This year’s fires in Alaska and elsewhere in the far North have probably released legacy carbon, too, Walker said.
Alaska wildfires this year had burned nearly 2.6 million acres as of the end of last week, according to the Alaska Interagency Coordination Center. Though that total is far below the record 6.6 million acres burned in 2004, it is part of a trend. It marks the 15th time in the past 80 years that more than 2 million acres had burned — with six of those years happening since 2000, according to the Alaska Division of Forestry.
Thanks to extraordinarily hot and dry conditions over the summer, fires in southcentral Alaska have penetrated deep into the ground, according to fire managers.

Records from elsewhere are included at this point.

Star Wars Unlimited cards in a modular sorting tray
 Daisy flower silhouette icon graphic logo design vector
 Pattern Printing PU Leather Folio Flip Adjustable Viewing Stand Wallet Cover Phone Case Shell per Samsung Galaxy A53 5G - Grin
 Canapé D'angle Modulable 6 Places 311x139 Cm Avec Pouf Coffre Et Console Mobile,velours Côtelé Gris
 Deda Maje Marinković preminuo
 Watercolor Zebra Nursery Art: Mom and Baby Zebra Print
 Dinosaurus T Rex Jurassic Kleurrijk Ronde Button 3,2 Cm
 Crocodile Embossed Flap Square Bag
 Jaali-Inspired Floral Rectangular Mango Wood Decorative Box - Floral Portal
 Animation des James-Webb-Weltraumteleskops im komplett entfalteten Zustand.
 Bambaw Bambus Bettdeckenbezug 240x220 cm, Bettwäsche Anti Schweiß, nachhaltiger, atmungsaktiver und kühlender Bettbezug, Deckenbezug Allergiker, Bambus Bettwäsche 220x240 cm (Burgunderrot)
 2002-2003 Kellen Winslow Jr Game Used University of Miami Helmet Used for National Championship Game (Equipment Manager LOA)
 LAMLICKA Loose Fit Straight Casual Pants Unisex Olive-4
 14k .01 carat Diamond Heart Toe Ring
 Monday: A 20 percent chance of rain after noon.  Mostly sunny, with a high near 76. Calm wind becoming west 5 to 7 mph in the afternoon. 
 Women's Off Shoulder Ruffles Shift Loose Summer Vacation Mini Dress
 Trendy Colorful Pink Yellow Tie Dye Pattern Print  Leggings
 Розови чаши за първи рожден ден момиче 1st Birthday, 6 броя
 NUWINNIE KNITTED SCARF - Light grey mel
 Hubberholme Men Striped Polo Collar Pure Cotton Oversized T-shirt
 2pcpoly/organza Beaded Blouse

Ash pits have become a special danger, burning several firefighters and posing a hazard to residents returning to their homes after evacuation orders were lifted, according to fire managers.
Meanwhile, wildfires in northern Russia are approaching record levels, according to reports from Russia. The total amount burned in Siberia, mostly in the far eastern region, had reached over 13.3 million acres (5.4 million hectares) as of mid-August, according to the Siberian Times.
The changing mix of trees that follows wildfires will also affect the boreal forests’ ability to function as carbon sinks, other studies have found.
One new study published in the journal Nature Plants predicts that warming and warming-related wildfires will shift Alaska forests from being mostly evergreen to mostly deciduous. Dominance of leaf-bearing deciduous trees is expected to double by the end of the century, resulting in less storage of carbon in the ground, among other changes, said the study, by scientists from the Lawrence Berkeley National Laboratory and other institutions.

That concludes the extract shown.